Он высунулся из переулка. Вдоль Эндиньяалл-стрит, уходя, куда-то вдаль, тянулась цепочка тусклых оранжевых фонарей. Эшлиму показалось, что сюда приближается толпа людей. Он, убрал голову и стал ждать.

Через миг мимо промчался кто-то маленький и чрезвычайно взбудораженный.

Это был Великий Каир. В одной руке он сжимал дубинку, обтянутую кожей, в другой — что-то вроде длинного кухонного ножа. В угаре он пронесся мимо входа в переулок. Полы черного пальто хлопали его по коленям, ботинки с окованными сталью носами грохотали по мостовой. Карлик мчался по середине дороги, запрокинув голову, дыхание с шипением вырывалось сквозь его оскаленные зубы. На руках и на лезвии ножа виднелись крупные пятна, которые казались черными в апельсиновом свете фонарей. Глаза карлика побелели от натуги и вылезали из орбит. Он обернулся, бросил взгляд через плечо, застонал и снова припустил со всех ног по улице, не глядя ни вправо, ни влево. А за ним по пятам, размахивая оружием и держа на поводках огромных собак, бежали… его собственные полицейские.

Через миг все закончилось. Кажется, только что мрачную тишину Эндиньялл-стрит оглашал шум погони — топот ног, тяжелое дыхание и хрип собак. В следующее мгновенье осталось лишь исчезающее дуновение «Бальзама Альтаэн» — последнее доказательство того, что Великий Каир побывал здесь.

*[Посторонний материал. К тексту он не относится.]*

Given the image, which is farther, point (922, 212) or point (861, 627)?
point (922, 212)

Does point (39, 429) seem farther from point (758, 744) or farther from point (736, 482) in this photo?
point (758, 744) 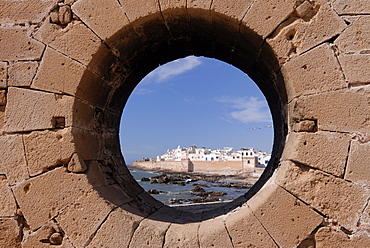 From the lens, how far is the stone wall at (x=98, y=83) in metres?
2.54

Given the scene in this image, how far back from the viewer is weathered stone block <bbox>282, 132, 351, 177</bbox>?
8.30 ft

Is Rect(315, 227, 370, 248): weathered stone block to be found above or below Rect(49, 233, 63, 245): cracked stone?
above

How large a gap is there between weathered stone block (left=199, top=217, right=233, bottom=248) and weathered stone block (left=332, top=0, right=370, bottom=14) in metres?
2.49

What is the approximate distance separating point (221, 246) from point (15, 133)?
2439 mm

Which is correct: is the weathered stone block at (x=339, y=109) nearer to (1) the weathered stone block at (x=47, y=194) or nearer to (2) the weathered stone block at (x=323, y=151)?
(2) the weathered stone block at (x=323, y=151)

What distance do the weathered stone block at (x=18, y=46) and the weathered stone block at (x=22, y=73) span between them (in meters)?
0.08

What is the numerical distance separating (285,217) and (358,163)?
85cm

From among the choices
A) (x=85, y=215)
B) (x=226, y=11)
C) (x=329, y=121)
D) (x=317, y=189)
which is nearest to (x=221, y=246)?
(x=317, y=189)

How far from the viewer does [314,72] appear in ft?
8.70

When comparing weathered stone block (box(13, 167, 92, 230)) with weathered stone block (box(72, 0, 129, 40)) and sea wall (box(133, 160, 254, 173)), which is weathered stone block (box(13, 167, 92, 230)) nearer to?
weathered stone block (box(72, 0, 129, 40))

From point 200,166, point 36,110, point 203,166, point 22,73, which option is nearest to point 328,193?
point 36,110

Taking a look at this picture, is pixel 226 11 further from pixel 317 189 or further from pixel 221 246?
pixel 221 246

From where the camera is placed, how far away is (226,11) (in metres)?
2.80

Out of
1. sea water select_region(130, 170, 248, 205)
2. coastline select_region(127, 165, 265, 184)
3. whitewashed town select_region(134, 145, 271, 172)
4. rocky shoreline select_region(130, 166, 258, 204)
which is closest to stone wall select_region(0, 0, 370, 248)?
rocky shoreline select_region(130, 166, 258, 204) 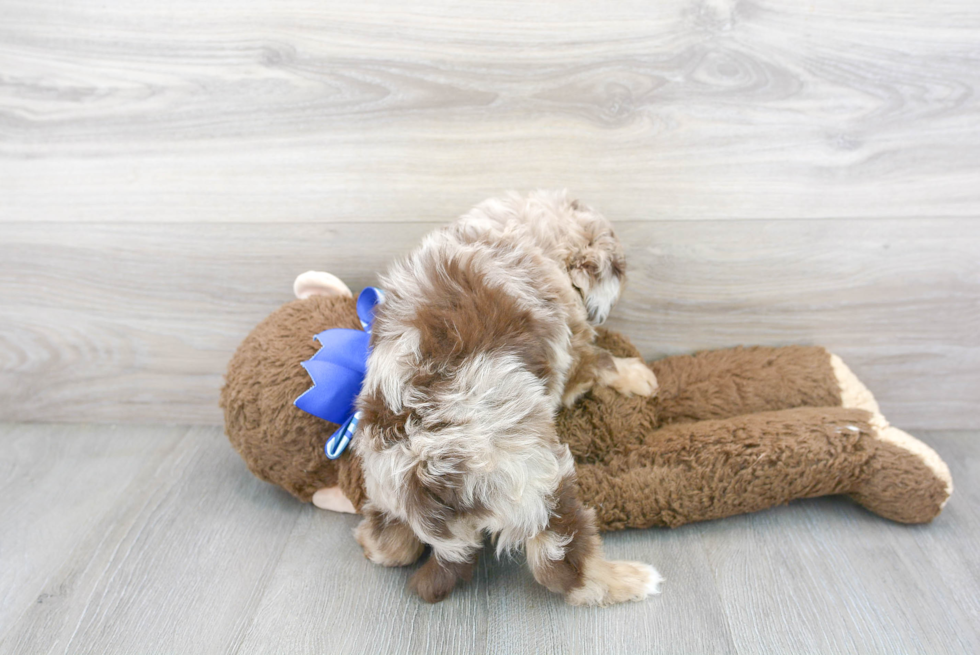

Может быть, карлик снова кого-то убил? Почему его люди гнались за ним? Эшлим поморгал, глядя на яркий оранжевый свет. Вдоль Эндиньялл-стрит тянулась высокая стена, почерневшая от сажи. Наверху он заметил раскрашенный обелиск, увенчанный каменной фигурой птицы, которая распростерла крылья в полете…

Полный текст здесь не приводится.